The significant difference I remember (and that was a long time ago) is Matt's affair with Brody's wife Ellen. It would have been distracting in what's essentially a horror film with a happy-ish ending. More to the point, Matt would have probably been killed by the shark; moral lapses are what drives horror films. Instead, Matt, Brody and even Quint are all redeemed from their excruciatingly slow slide into irrelevance.
I could add to the list rather easily: Casablanca, Treasure of the Sierra Madre, Maltese Falcon (Bogie made everything memorable), Gone With the Wind, The Searchers, Clockwork Orange, Lolita, Barry Lyndon (everything Kubrick did was memorable), Fritz the Cat, The Greatest Show on Earth, Frankenstein, Die Hard, Clint's spaghetti westerns, High Noon (which, I think, is overrated), What's New, Pussycat?, Manhattan, Annie Hall, Them!, Psycho, Goldfinger, and two hundred more. (All older films, btw. Modern films may or may not be memorable in some way, but few have great dialogue. It's not important, marketing-wise.)
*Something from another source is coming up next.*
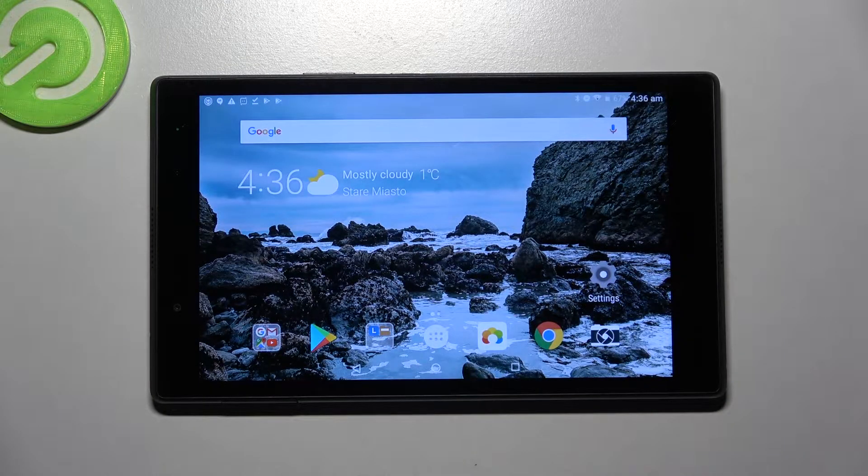Hi! In front of me is Lenovo Tab48 and today I would like to show you how you can set up an alarm clock on this device.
So. Yes, I've read thousands of books, watched thousands of films. But I was never a couch person; I've traveled a million miles, too. My blog de plume is Traveling Man for a reason. I heard that song from Ricky Nelson when I was 10, and it was embedded in my consciousness. Or I was simply born with the itch to see what was down the road, and found that song meaningful.
Either way. Fifty years later, I can say: it was the best of times.